Alex Myers of Myers & Associates will take over the legal advice column "Minding Your Business." He specializes in business law.

The most common legal dispute between residential landlords and tenants is over the withholding of deposit funds.

The purpose of the deposit is to secure the landlord in paying for repairs to the rented premises resulting from damage to the premises caused by the tenant, which is not the result of normal wear and tear.

Two of the most common concerns regarding tenants’ deposits are:

(1) Damage the tenant believes existed prior to their tenancy; and

(2) Damage the tenant believes is the result of ordinary wear and tear.

If the security deposit is retained to pay for pre-existing damages or ordinary wear and tear, that application of the deposit would be improper.

However, without a clear evidentiary record of pre-existing damage, personal memory is a notoriously unreliable source of evidence that is difficult to accurately rely upon.

With respect to ordinary wear and tear, there are common misconceptions about what constitutes ordinary wear and tear.

The best first step in protecting your deposit is to inspect the rented premises, then itemize and disclose all defects to the condition of the premises within three days of moving into the rental unit. Your landlord will usually provide you with a checklist that you can fill out and return.

It is important to complete this checklist in a timely fashion. At the end of your tenancy, if you are charged for a piece of damage that is shown as already damaged on the checklist, you will have good evidence to protect you.

You might not remember when something in your rented premises was damaged during the tenancy, but after reviewing your move-in checklist you may be reminded that there was no damage when you took possession. This document protects both you and your landlord from mistakes.

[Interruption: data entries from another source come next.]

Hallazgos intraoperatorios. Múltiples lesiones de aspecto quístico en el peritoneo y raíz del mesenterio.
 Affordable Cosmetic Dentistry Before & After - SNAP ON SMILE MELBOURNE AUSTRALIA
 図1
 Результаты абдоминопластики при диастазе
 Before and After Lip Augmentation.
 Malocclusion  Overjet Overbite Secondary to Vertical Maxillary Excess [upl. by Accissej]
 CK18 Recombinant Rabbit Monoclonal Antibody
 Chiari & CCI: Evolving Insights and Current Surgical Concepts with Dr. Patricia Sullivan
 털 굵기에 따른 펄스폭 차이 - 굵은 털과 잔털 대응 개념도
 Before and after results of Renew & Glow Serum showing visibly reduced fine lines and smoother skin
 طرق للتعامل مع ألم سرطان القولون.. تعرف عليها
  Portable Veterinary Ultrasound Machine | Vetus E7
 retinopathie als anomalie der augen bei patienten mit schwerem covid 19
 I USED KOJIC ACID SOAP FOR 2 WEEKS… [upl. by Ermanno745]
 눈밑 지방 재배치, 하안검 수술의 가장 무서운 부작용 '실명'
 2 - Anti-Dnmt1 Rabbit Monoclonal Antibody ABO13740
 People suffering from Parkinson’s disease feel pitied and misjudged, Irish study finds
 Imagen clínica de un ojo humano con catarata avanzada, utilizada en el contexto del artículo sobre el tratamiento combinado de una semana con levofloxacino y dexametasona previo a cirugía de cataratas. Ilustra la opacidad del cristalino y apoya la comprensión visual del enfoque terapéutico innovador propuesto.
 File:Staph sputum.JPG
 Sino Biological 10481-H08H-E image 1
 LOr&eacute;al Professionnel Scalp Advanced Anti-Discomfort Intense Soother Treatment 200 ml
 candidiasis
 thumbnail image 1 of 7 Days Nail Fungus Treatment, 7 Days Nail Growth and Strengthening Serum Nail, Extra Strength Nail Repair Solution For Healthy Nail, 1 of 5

Ordinary wear and tear is the unavoidable incremental damage that rental properties suffer from regular use.

However, just because damage was accidental does not mean it was a result of ordinary wear and tear.

A common example is with carpets. Just because you accidentally spilled red wine on the carpet does not mean that a large red wine stain is a result of ordinary wear and tear; you may be charged for cleaning or replacement of the carpet.

There may also have been wear and tear present prior to your use of the premises, but this does not mean that you won’t be held liable for further damage. If carpet was not new when you moved in, remember that carpet has an estimated useful life.

If you moved in to a rental with two-year-old used carpet and caused a need for the carpet to be replaced, you may be charged for the pro-rata value of the remaining useful life of the carpet.

Deposits are factually dependent and every incidence is different. Take photos when you move in and photos when you move out, and schedule a pre-move-out inspection with your landlord during the last week of your tenancy.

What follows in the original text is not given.